Quanto à gestão eficiente num contexto de instituto público de gestão partilhada, esta solução institucional foi defendida pelo próprio Eugénio Rosa, na discussão pública tida quando a ADSE deixou de ser um departamento da Administração Pública no Ministério da Saúde. Havia, na altura, pelo menos uma outra solução proposta (entidade mutualista, com controlo reforçado do Estado), que evitava o “estrangulamento de gestão” que Eugénio Rosa agora refere. Antevia-se que estas dificuldades de gestão iriam estar presentes, pois fazem parte do modelo adoptado.
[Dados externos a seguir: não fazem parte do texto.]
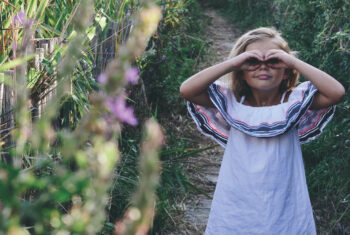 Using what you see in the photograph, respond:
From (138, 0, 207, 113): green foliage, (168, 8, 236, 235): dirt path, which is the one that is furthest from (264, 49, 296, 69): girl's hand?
(138, 0, 207, 113): green foliage

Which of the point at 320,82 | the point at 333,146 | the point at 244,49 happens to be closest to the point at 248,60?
the point at 244,49

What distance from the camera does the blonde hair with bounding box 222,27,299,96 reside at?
1.89 metres

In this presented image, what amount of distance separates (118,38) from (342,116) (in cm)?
170

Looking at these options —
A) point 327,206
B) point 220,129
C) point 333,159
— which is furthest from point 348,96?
point 220,129

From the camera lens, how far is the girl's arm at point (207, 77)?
68.5 inches

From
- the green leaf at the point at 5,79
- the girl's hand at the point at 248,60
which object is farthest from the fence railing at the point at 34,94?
the girl's hand at the point at 248,60

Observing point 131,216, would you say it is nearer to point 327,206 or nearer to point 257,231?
point 257,231

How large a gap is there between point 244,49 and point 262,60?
218 mm

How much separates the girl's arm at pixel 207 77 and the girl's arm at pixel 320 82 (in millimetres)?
100

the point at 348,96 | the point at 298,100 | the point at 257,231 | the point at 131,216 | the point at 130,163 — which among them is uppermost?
the point at 131,216

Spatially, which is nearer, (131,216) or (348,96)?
(131,216)

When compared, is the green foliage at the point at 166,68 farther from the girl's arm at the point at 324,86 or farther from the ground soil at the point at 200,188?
the girl's arm at the point at 324,86

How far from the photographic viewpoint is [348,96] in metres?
3.11

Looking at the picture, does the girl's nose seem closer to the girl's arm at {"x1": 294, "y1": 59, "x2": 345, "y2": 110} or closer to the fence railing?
the girl's arm at {"x1": 294, "y1": 59, "x2": 345, "y2": 110}
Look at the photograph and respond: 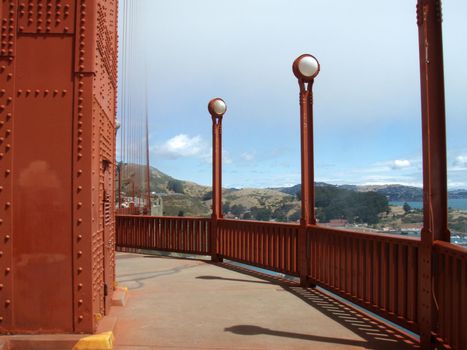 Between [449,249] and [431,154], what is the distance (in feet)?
3.30

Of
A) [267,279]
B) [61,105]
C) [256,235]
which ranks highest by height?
[61,105]

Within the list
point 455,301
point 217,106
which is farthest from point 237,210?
point 455,301

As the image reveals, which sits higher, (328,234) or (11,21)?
(11,21)

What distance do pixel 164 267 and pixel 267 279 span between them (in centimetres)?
273

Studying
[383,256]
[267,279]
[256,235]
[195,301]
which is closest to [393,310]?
[383,256]

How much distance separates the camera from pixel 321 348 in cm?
517

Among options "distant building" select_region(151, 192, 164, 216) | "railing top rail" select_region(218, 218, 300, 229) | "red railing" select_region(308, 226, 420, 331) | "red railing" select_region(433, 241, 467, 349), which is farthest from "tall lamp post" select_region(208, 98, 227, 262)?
"distant building" select_region(151, 192, 164, 216)

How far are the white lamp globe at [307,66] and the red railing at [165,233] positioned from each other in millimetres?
4889

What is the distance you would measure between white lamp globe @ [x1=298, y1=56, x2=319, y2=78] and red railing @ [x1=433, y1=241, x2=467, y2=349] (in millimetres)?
4743

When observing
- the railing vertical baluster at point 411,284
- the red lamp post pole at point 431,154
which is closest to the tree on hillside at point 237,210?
the railing vertical baluster at point 411,284

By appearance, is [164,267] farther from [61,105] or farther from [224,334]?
[61,105]

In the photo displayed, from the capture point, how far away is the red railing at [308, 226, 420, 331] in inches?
215

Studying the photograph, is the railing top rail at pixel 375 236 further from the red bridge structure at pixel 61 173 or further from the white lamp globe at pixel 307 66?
the white lamp globe at pixel 307 66

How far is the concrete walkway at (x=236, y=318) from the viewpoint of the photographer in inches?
212
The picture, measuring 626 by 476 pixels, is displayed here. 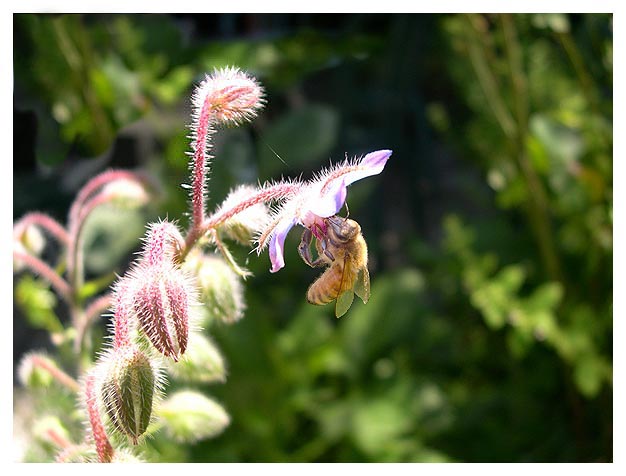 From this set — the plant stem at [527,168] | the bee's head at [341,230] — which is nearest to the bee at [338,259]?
the bee's head at [341,230]

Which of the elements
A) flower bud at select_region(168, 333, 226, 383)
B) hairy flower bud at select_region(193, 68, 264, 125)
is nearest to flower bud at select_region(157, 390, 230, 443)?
flower bud at select_region(168, 333, 226, 383)

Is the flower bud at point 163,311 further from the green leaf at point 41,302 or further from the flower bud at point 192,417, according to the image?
the green leaf at point 41,302

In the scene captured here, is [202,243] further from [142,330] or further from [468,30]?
[468,30]

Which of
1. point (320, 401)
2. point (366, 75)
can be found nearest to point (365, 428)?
point (320, 401)

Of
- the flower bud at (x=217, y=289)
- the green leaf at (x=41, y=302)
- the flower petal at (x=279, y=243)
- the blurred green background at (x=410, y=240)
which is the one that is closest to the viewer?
the flower petal at (x=279, y=243)

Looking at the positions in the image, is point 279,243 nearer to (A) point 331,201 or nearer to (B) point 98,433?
(A) point 331,201

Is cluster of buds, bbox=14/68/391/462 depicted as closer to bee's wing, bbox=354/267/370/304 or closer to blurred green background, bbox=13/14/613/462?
bee's wing, bbox=354/267/370/304
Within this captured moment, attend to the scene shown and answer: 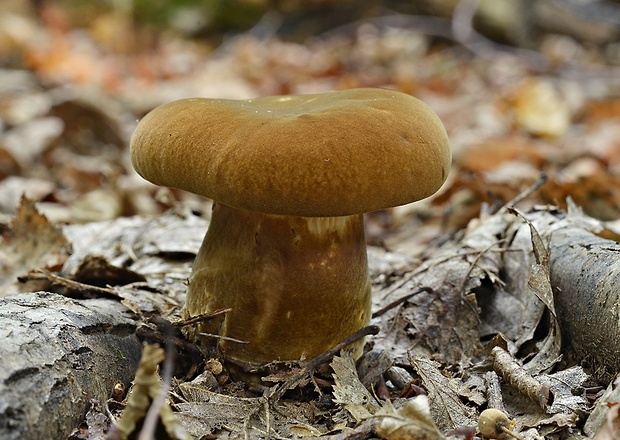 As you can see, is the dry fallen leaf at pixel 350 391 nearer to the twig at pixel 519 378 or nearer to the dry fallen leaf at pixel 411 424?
the dry fallen leaf at pixel 411 424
Tal como faz parte a possibilidade legal, mesmo que não usada pelo Governo, de se ir buscar o saldo da ADSE para consolidar nas contas públicas (o saldo da ADSE financiar o défice do Estado). Um estatuto legal semelhante aos das EPE não será suficiente como solução, basta olhar para as queixas que os hospitais EPE têm quanto às limitações de contratação de profissionais de saúde e outras ações de gestão. Alguns anos depois, Eugénio Rosa vem reabra a discussão do quadro institucional da ADSE, depois de ter a experiência direta e real do modelo então defendido. Não deixa de ser uma discussão pertinente, e que a ser tida não se deverá eternizar.

É de saudar o artigo de Eugénio Rosa, com a discussão que pretende iniciar, permitindo que se conheça os desafios e se fale das soluções, com o contributo de todos os interessados. E num contexto de eleições para os representantes dos beneficiários no Conselho Geral e de Supervisão da ADSE, será bom e útil que todas as listas candidatas explicitem como respondem a estes desafios.